Never before in the history of the American Republic has a group of organized Christians risen to such prominence in the American empire. And this worldly success—a bit odd for a fundamentalist group with such otherworldly aspirations—has sent huge ripples across American Christendom. Power, might, size, status, and material possessions—all paraphernalia of the nihilism of the American empire—became major themes of American Christianity. It now sometimes seems that all Christians speak in one voice when in fact it is only that the loudness of the Constantinian element of American Christianity has so totally drowned out the prophetic voices. Imperial Christianity, market spirituality, money-obsessed churches, gospels of prosperity, prayers of let’s-make-a-deal with God or help me turn my wheel of fortune have become the prevailing voice of American Christianity. In this version of Christianity the precious blood at the foot of the cross becomes mere Kool-Aid to refresh eager upwardly mobile aspirants in the nihilistic American game of power and might. And there is hardly a mumbling word heard about social justice, resistance to institutional evil, or courage to confront the powers that be—with the glaring exception of abortion.
Needless to say, the commodification of Christianity is an old phenomenon—and a central one in American life past and present. Yet the frightening scope and depth of this commercialization of Christianity is new. There is no doubt that the churches reflect and refract the larger market-driven nihilism of our society and world.
Yet it is the nearly wholesale eclipse of nonmarket values and visions—of love, justice, compassion, and kindness to strangers—that is terrifying. Where are the Christian voices outraged at the greed of corporate elites while millions of children live in poverty? Do American Christians even know that the three richest men in the world have more wealth than the combined gross domestic product of the bottom forty-eight countries or that the personal wealth of the 225 richest individuals is equal to the annual income of the poorest 47 percent of the entire world’s population? Philanthropy is fine, but what of justice, institutional fairness, and structural accountability?
There are, however, groups of prophetic Christians who are taking up the challenge of confronting the rise of the Christian Right and have realized the necessity of countering those powerful organizations with their own. There is Jim Wallis, who leads the activist group Sojourners; the Reverend James Forbes of Riverside Church in New York City; Sujay Johnson Cook of the Hampton Preachers’ Conference; the Reverend Charles Adams of Hartford Memorial Church in Detroit; the Reverend Jeremiah Wright of Trinity Church in Chicago; Bishop Charles E. Blake of West Angeles Church of God in Christ; the Reverend J. Alfred Smith of Allen Temple in Oakland; and Father Michael Pfleger of Faith Community of Saint Sabina in Chicago. And there are quite a few more.

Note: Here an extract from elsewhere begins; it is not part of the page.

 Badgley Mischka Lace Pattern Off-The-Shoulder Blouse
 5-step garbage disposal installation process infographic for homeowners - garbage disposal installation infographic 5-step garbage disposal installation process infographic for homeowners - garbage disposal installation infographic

Yet it is undeniable that the challenge of keeping the prophetic Christian movement vital and vibrant in the age of the American empire is largely unmet as of yet. The pervasive sleepwalking in American churches in regard to social justice is frightening. The
movement led by Martin Luther King Jr.—the legacy of which has been hijacked by imperial Christians—forged the most subtle and significant democratic Christian identity of modern times. And it now lies in ruins. Can prophetic Christians make its dry bones live again?
The Constantinian Christianity of the Bush administration—especially of President Bush, Attorney General John Ashcroft, and Congressman Tom DeLay—whatever authentic pietistic dimensions it may have, must not be the model of American Christian identity. Its nihilistic policies and quests for power and might supersede any personal confessions of humility and compassion. Even the most seemingly pious can inflict great harm. Constantine himself flouted his piety even as he continued to dominate and conquer peoples. Yet a purely secular effort against the religious zealotry will never be powerful enough to prevail; it is only with a coalition of the prophetic Christians of all colors, the prophetic Jews and Muslims and Buddhists, and the democratic secularists that we can preserve the American democratic experiment.